* [Task directions] Each entry is to be printed again word for word.

[[ Data open ]]

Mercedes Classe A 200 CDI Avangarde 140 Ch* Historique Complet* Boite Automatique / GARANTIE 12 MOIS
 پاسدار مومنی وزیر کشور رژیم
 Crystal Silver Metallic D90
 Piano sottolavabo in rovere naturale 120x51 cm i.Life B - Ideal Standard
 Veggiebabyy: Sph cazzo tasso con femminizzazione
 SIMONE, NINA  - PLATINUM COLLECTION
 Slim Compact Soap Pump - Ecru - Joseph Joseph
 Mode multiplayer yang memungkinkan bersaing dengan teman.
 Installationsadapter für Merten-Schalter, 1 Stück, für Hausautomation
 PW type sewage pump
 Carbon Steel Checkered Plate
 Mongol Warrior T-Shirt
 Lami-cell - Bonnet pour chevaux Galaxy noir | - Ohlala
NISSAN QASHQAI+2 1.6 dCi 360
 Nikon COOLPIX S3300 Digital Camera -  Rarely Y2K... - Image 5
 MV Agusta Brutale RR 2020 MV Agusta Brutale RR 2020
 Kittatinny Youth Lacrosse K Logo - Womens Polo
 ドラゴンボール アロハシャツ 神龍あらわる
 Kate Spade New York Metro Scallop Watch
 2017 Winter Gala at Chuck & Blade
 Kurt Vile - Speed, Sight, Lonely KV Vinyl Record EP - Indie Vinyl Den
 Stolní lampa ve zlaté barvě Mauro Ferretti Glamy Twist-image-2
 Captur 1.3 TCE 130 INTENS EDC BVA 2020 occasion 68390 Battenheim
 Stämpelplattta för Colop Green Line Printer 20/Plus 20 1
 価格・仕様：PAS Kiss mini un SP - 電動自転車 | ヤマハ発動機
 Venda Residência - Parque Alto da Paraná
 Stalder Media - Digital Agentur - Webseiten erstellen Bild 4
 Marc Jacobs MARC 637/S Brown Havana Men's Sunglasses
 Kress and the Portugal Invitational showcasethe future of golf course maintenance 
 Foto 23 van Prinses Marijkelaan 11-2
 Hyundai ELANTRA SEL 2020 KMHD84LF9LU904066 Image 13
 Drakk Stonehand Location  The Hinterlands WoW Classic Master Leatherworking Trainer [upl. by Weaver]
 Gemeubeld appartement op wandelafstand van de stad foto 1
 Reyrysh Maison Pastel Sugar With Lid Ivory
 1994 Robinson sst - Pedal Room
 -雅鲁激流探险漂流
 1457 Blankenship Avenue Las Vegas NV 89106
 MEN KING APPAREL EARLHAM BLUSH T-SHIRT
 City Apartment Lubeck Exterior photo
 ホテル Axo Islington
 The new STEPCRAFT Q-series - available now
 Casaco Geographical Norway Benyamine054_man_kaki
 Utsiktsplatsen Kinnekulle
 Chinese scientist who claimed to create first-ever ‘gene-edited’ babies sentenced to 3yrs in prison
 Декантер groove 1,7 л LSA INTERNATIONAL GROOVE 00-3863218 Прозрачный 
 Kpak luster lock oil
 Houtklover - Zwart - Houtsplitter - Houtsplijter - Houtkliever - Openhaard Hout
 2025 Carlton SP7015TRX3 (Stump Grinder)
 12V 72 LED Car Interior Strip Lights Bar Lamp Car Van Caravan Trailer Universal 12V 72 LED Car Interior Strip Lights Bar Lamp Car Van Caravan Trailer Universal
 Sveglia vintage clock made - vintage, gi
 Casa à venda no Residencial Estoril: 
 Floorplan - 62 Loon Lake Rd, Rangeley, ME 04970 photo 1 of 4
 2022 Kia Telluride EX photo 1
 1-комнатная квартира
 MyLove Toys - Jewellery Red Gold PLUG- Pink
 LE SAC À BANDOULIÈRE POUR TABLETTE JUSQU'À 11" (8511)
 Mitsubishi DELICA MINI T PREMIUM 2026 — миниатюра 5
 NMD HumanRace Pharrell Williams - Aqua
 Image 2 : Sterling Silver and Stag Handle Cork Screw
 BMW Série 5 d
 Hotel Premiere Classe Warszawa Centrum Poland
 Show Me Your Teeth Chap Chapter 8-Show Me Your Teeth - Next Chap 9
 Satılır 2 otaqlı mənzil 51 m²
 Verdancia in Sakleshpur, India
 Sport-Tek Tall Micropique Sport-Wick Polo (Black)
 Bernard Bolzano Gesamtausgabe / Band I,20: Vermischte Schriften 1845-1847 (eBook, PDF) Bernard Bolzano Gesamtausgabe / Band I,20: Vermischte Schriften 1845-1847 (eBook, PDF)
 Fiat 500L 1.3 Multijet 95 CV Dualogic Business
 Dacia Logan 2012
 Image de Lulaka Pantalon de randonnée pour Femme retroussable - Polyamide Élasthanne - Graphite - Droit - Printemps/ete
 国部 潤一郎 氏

[[ Data closed ]]

* [Written response]
Mercedes Classe A 200 CDI Avangarde 140 Ch* Historique Complet* Boite Automatique / GARANTIE 12 MOIS
 پاسدار مومنی وزیر کشور رژیم
 Crystal Silver Metallic D90
 Piano sottolavabo in rovere naturale 120x51 cm i.Life B - Ideal Standard
 Veggiebabyy: Sph cazzo tasso con femminizzazione
 SIMONE, NINA  - PLATINUM COLLECTION
 Slim Compact Soap Pump - Ecru - Joseph Joseph
 Mode multiplayer yang memungkinkan bersaing dengan teman.
 Installationsadapter für Merten-Schalter, 1 Stück, für Hausautomation
 PW type sewage pump
 Carbon Steel Checkered Plate
 Mongol Warrior T-Shirt
 Lami-cell - Bonnet pour chevaux Galaxy noir | - Ohlala
NISSAN QASHQAI+2 1.6 dCi 360
 Nikon COOLPIX S3300 Digital Camera -  Rarely Y2K... - Image 5
 MV Agusta Brutale RR 2020 MV Agusta Brutale RR 2020
 Kittatinny Youth Lacrosse K Logo - Womens Polo
 ドラゴンボール アロハシャツ 神龍あらわる
 Kate Spade New York Metro Scallop Watch
 2017 Winter Gala at Chuck & Blade
 Kurt Vile - Speed, Sight, Lonely KV Vinyl Record EP - Indie Vinyl Den
 Stolní lampa ve zlaté barvě Mauro Ferretti Glamy Twist-image-2
 Captur 1.3 TCE 130 INTENS EDC BVA 2020 occasion 68390 Battenheim
 Stämpelplattta för Colop Green Line Printer 20/Plus 20 1
 価格・仕様：PAS Kiss mini un SP - 電動自転車 | ヤマハ発動機
 Venda Residência - Parque Alto da Paraná
 Stalder Media - Digital Agentur - Webseiten erstellen Bild 4
 Marc Jacobs MARC 637/S Brown Havana Men's Sunglasses
 Kress and the Portugal Invitational showcasethe future of golf course maintenance 
 Foto 23 van Prinses Marijkelaan 11-2
 Hyundai ELANTRA SEL 2020 KMHD84LF9LU904066 Image 13
 Drakk Stonehand Location  The Hinterlands WoW Classic Master Leatherworking Trainer [upl. by Weaver]
 Gemeubeld appartement op wandelafstand van de stad foto 1
 Reyrysh Maison Pastel Sugar With Lid Ivory
 1994 Robinson sst - Pedal Room
 -雅鲁激流探险漂流
 1457 Blankenship Avenue Las Vegas NV 89106
 MEN KING APPAREL EARLHAM BLUSH T-SHIRT
 City Apartment Lubeck Exterior photo
 ホテル Axo Islington
 The new STEPCRAFT Q-series - available now
 Casaco Geographical Norway Benyamine054_man_kaki
 Utsiktsplatsen Kinnekulle
 Chinese scientist who claimed to create first-ever ‘gene-edited’ babies sentenced to 3yrs in prison
 Декантер groove 1,7 л LSA INTERNATIONAL GROOVE 00-3863218 Прозрачный 
 Kpak luster lock oil
 Houtklover - Zwart - Houtsplitter - Houtsplijter - Houtkliever - Openhaard Hout
 2025 Carlton SP7015TRX3 (Stump Grinder)
 12V 72 LED Car Interior Strip Lights Bar Lamp Car Van Caravan Trailer Universal 12V 72 LED Car Interior Strip Lights Bar Lamp Car Van Caravan Trailer Universal
 Sveglia vintage clock made - vintage, gi
 Casa à venda no Residencial Estoril: 
 Floorplan - 62 Loon Lake Rd, Rangeley, ME 04970 photo 1 of 4
 2022 Kia Telluride EX photo 1
 1-комнатная квартира
 MyLove Toys - Jewellery Red Gold PLUG- Pink
 LE SAC À BANDOULIÈRE POUR TABLETTE JUSQU'À 11" (8511)
 Mitsubishi DELICA MINI T PREMIUM 2026 — миниатюра 5
 NMD HumanRace Pharrell Williams - Aqua
 Image 2 : Sterling Silver and Stag Handle Cork Screw
 BMW Série 5 d
 Hotel Premiere Classe Warszawa Centrum Poland
 Show Me Your Teeth Chap Chapter 8-Show Me Your Teeth - Next Chap 9
 Satılır 2 otaqlı mənzil 51 m²
 Verdancia in Sakleshpur, India
 Sport-Tek Tall Micropique Sport-Wick Polo (Black)
 Bernard Bolzano Gesamtausgabe / Band I,20: Vermischte Schriften 1845-1847 (eBook, PDF) Bernard Bolzano Gesamtausgabe / Band I,20: Vermischte Schriften 1845-1847 (eBook, PDF)
 Fiat 500L 1.3 Multijet 95 CV Dualogic Business
 Dacia Logan 2012
 Image de Lulaka Pantalon de randonnée pour Femme retroussable - Polyamide Élasthanne - Graphite - Droit - Printemps/ete
 国部 潤一郎 氏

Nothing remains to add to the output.